2. Process of Analysis
2.1. Subjects of AnalysisThe purpose of this study was to investigate the science-specific Questioning framework based on the QUILT framework that organized a variety of teaching strategies. In this study, two strategies were applied to the Questioning framework: One was the “Puzzling picture,” which aims to induce cognitive conflict, and the other was “Think-Pair-Share,” which aims to build discussion.
Science classes based on the QUILT framework were conducted from January to March 2014 in the 7th grade of Ehime Prefecture public A junior high school. The experimental group used the Questioning framework teaching strategy; the control group did not. A lesson on “change of state in a substance” was tested in 71 junior high school students in the 7th grade to examine the effects of the Questioning framework. The breakdown was as follows: from a total of 71 students (31 males and 40 females), the experimental group contained 34 students, and the control group contained 37 students. Evaluation of the Questioning framework was conducted by qualitative analysis of the utterance protocol using text mining.
2.2. Objective of LearningThis study was implemented during the “change of state in a substance” unit of the junior high school’s 7th grade. Learning activities primarily focused on the following two aspects:
(1) The particles cannot increase or decrease.
(2) The volume of the water when it turns from liquid to steam expands about 1700 times.
The learning objectives of this study were for students to consider the concept of particles when understanding change of state in a substance.

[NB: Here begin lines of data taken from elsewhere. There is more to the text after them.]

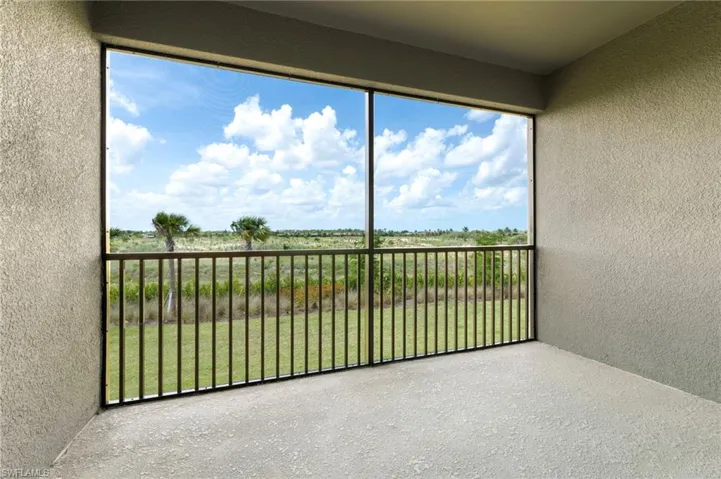 11801 Venetian Lagoon Dr 201, Fort Myers, Florida 33913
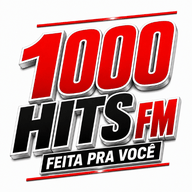 1000 Hits FM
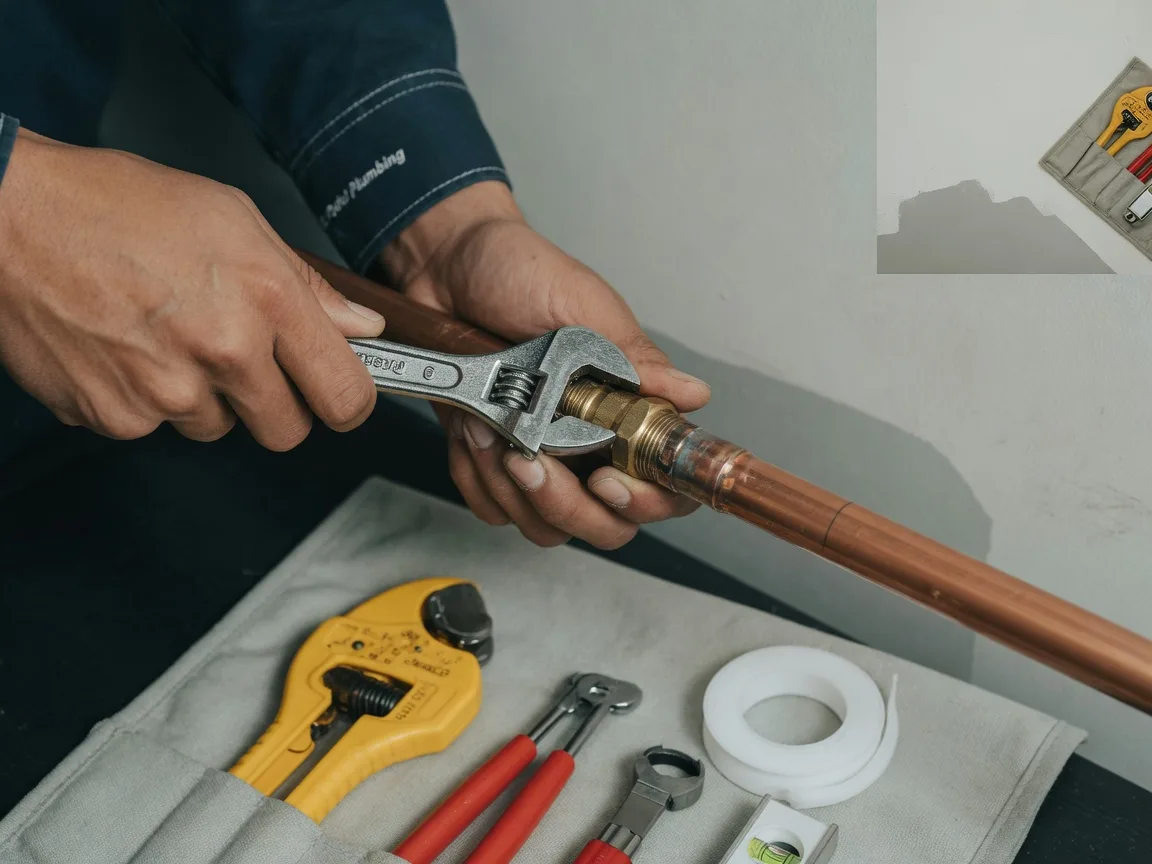Why choose Drain Cleaning in Fort Lee, NJ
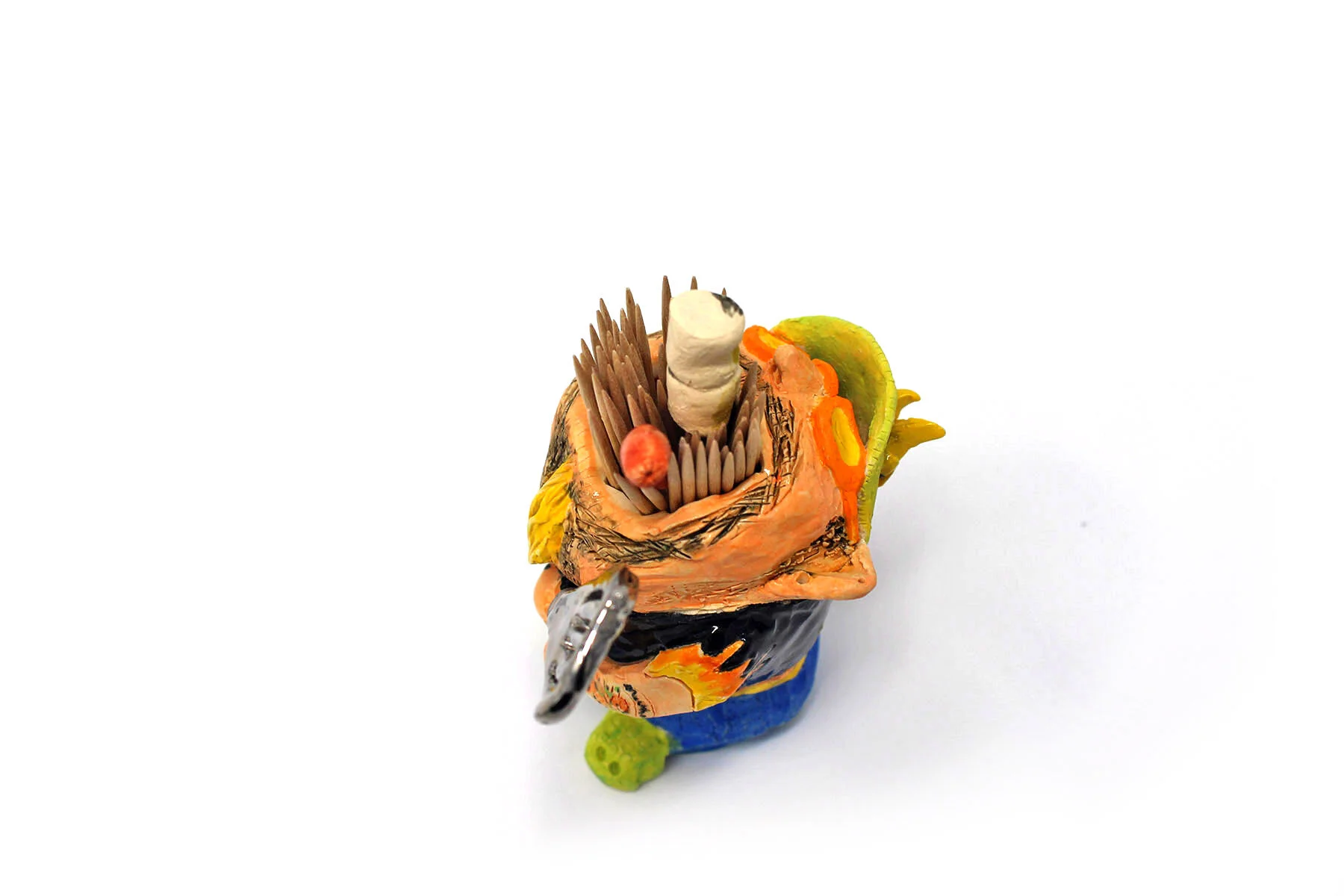 PaulClarkMinor_Ceramic_Toothpick_Holder_17.jpg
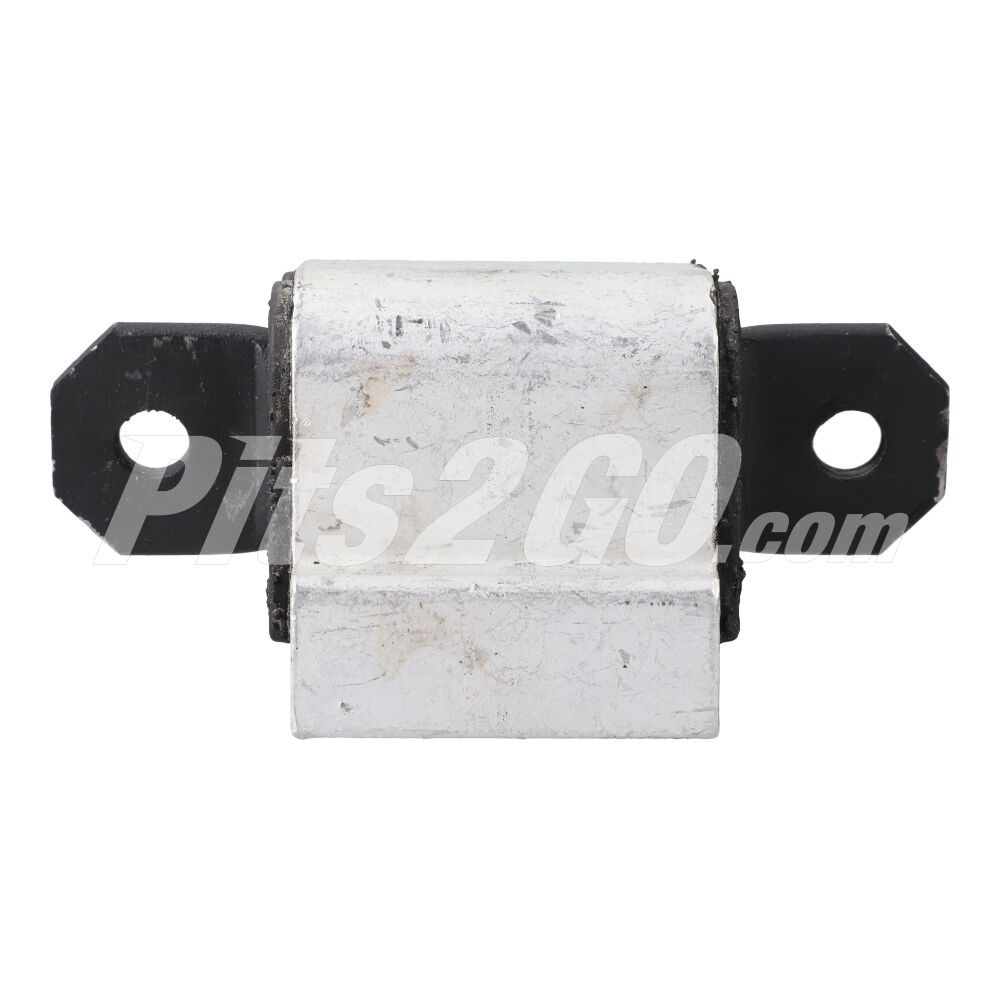 Soporte de transmisión trasero para Vanes, Marca Mercedes-Benz, compatible con Sprinter image number 2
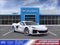 2027 Chevrolet Corvette Grand Sport 1LT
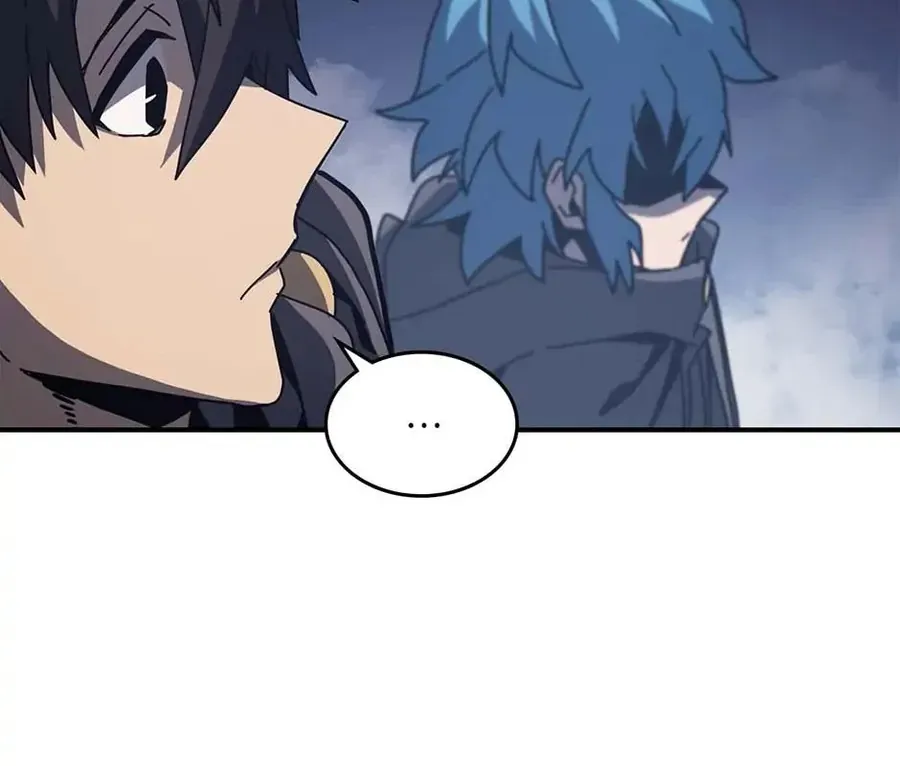 Phép Thuật Của Người Trở Về Phải Đặc Biệt Chapter 137 - 8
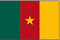 Camerún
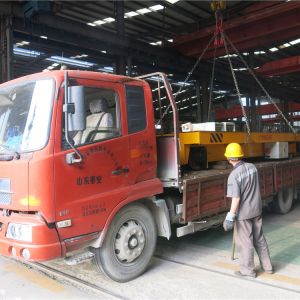 2018060101 ���M(j��n) ��ƽ܇(ch��)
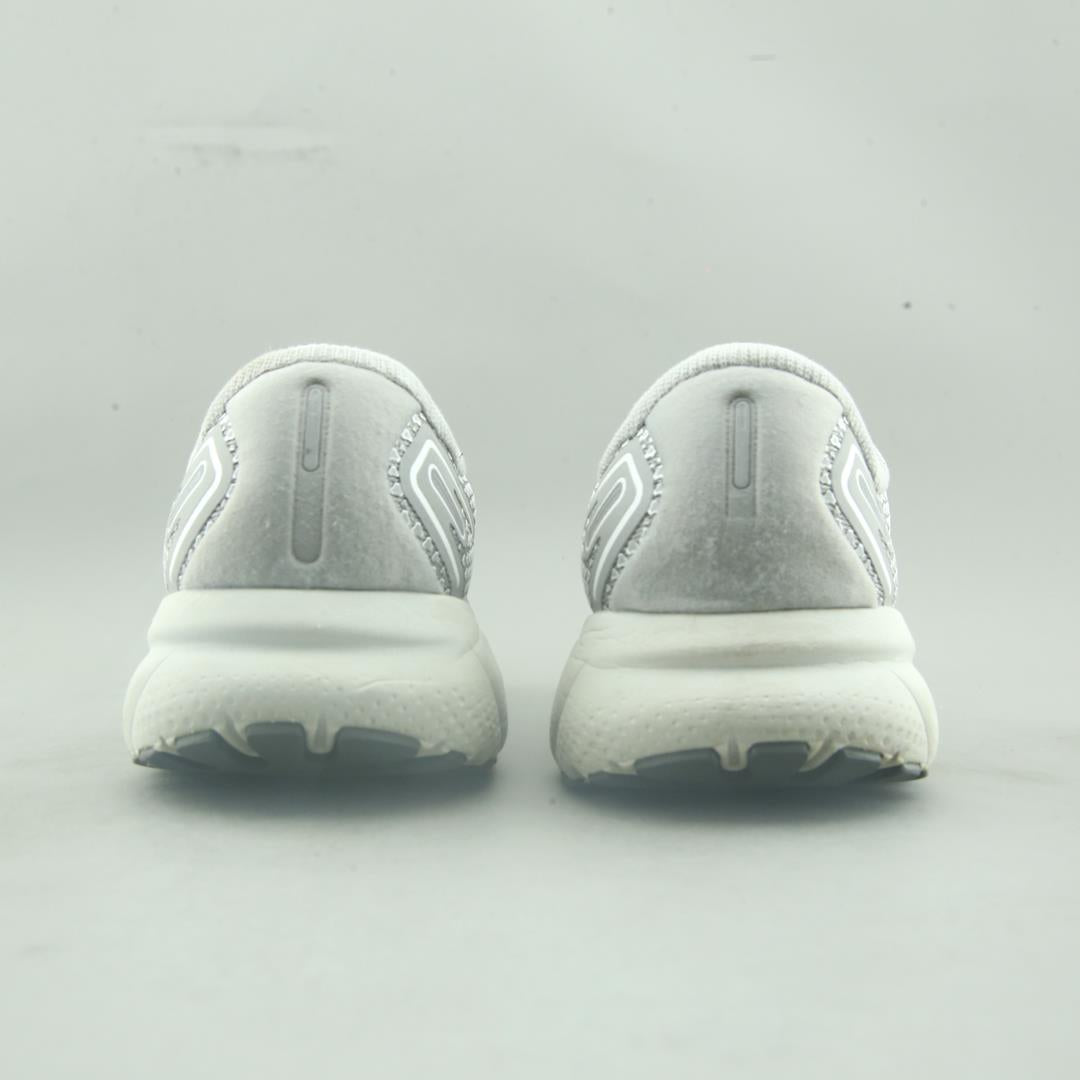 GHOST 14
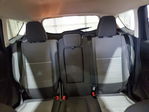 Ford Escape 2015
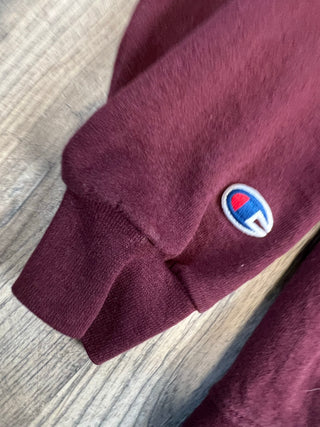 Champion USA „Montana“ Sweater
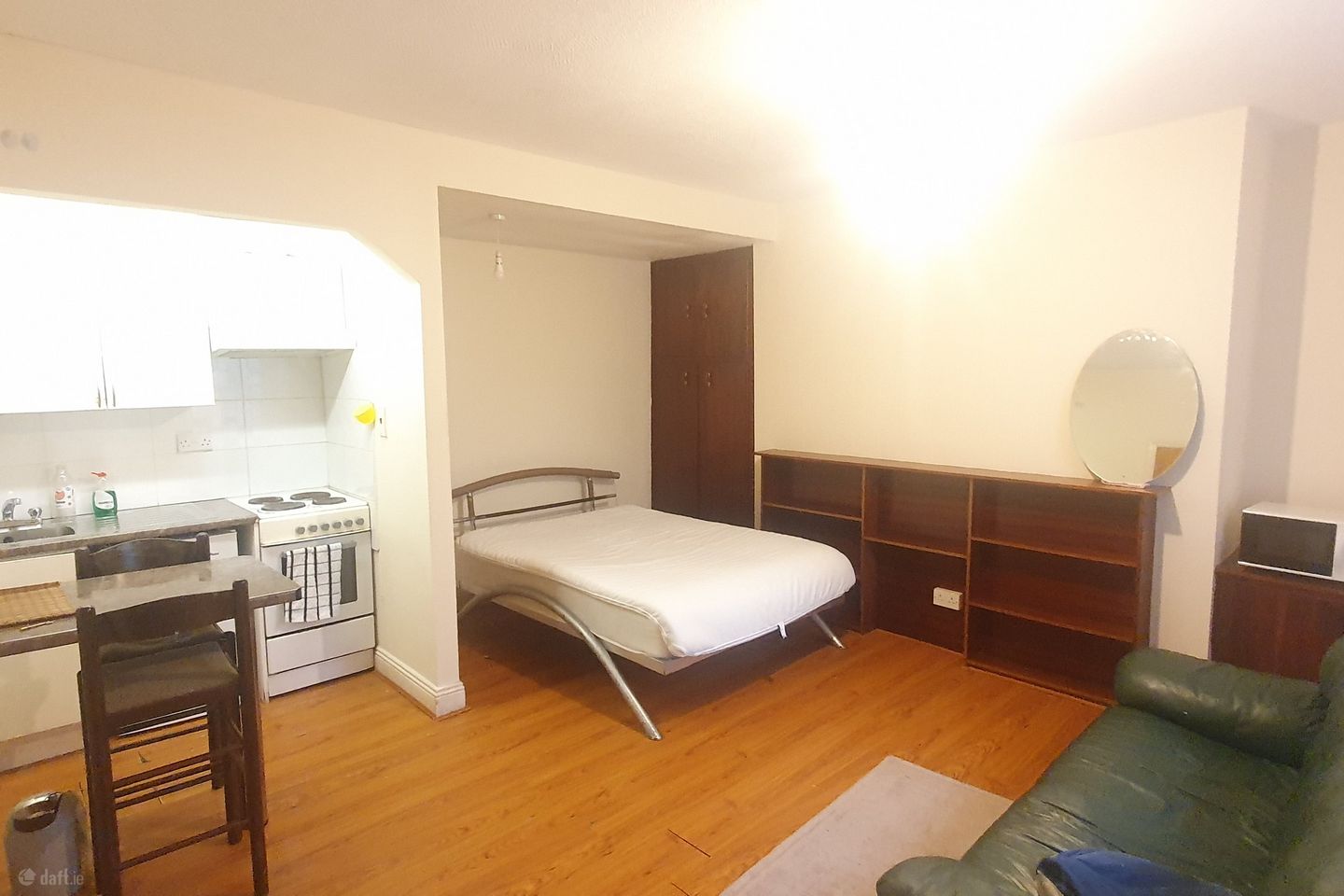 Grosvenor Road, Rathmines, Dublin 6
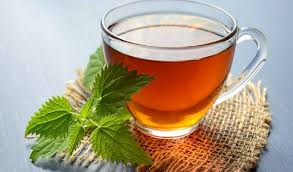 Brewing Up a Storm: The Indian Tea Industry Faces Climate, Price and Import Heat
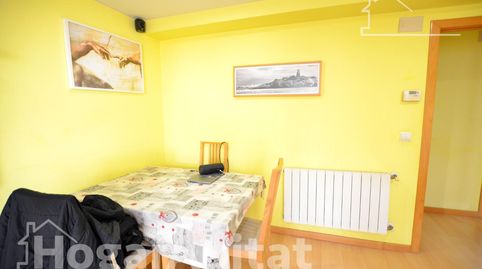 Foto 5 de Piso en venta en Calle Pintor Gisbert, Santo Domigo, Alicante / Alacant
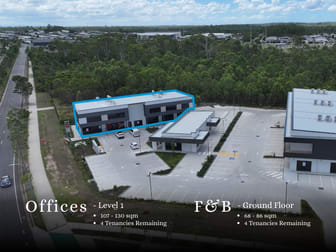 New Centre/2-6 Dixon Circuit Yarrabilba QLD 4207 - Image 3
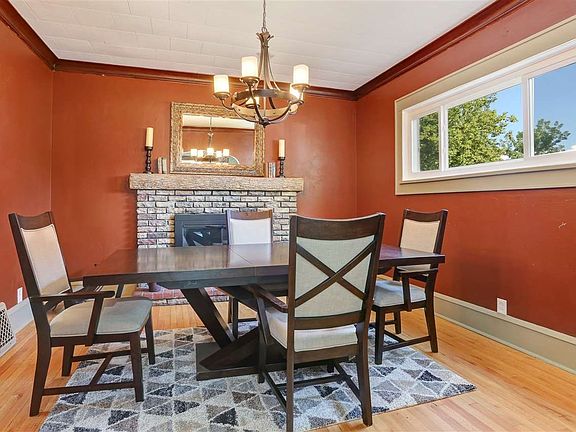 4th image of this home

2.3. Teaching Strategy2.3.1. Puzzling Picture
Even if science teachers teach lessons about the same natural phenomena, differences in their teaching methods have a strong influence on the students' understanding. For example, teaching science using graphs produces completely different results from teaching it using calculations. It's safe to say that the questions teachers ask their students play a very important role in determining the depth or extent of the students' ability to think.
Styre & Sound (1975) describes the importance of questioning through picture riddles effectively that is the “Puzzling picture” [10]. Then, the experimental group attempted to inspire various opinions from the students before actually performing the experiment by utilizing the mysterious picture shown in Figure 1 for the “Puzzling picture” activity, inducing cognitive conflict.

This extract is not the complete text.